I can see how doing it lower level would be more efficient. Are there any script...

SwellJoe · on Dec 23, 2015

fail2ban can watch the nginx logs for throttling and/or blocking messages and add iptables rules for you.

I haven't read this all the way through, but on a cursory glance it looks reasonable:

https://easyengine.io/tutorials/nginx/fail2ban/

XorNot · on Dec 23, 2015

Urgh logwatching actively pains me these days. So much waste string parsing what was originally binary data anyway.

I'm starting to think that we need some agreement where instead of logs, we just get apps to emit a stream of protocol buffers and a format string for the messages and data.

Which does make me wonder if you couldn't LD_PRELOAD something which replaced fprintf and the like...

SwellJoe · on Dec 23, 2015

"So much waste string parsing what was originally binary data anyway."

"So much" is pretty imprecise. How much waste do you believe string parsing incurs in this case?

baudehlo · on Dec 23, 2015

You can go the systemd route if you want, or just know the fact that parsing strings works, is mostly reliable, and really isn't as much overhead as people make it out to be. How many system profiles have identified it as a problem?

zaroth · on Dec 23, 2015

Of course if you can write the filter, it must be simple enough to script changes to iptables based on recent packet statistics directly.
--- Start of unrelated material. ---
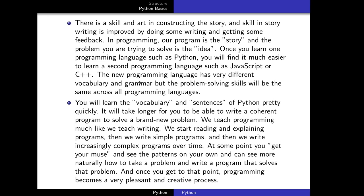Once you learn one language like Python, learning the next language is easier. From language to language you have different vocabulary and grammatical rules, but the skill you need to connect them and tell the story is the same.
But often times you don't even know what domain is being connected to at the network layer. You need output from the process holding the connection key. And you want very clear separation from that task...

superuser2 · on Dec 23, 2015

Streams of plain text are what UNIX was built on. If you want binary APIs, look outside the *nix family.

Ao7bei3s · on Dec 23, 2015

Or modernize the applications. Throw out the ad-hoc formats and parsers, replace them with machine-readable equivalents.

For example, systemd finally provides a logging system that allows structured logging with key/value fields.

xorcist · on Dec 23, 2015

You can also use ulogd and iptables accounting to count hits per IP or per subnet if you want something more light weight. If you have a non-trivial system you can probably produce a netflow stream from your router which gives you the accounting without performance penalty.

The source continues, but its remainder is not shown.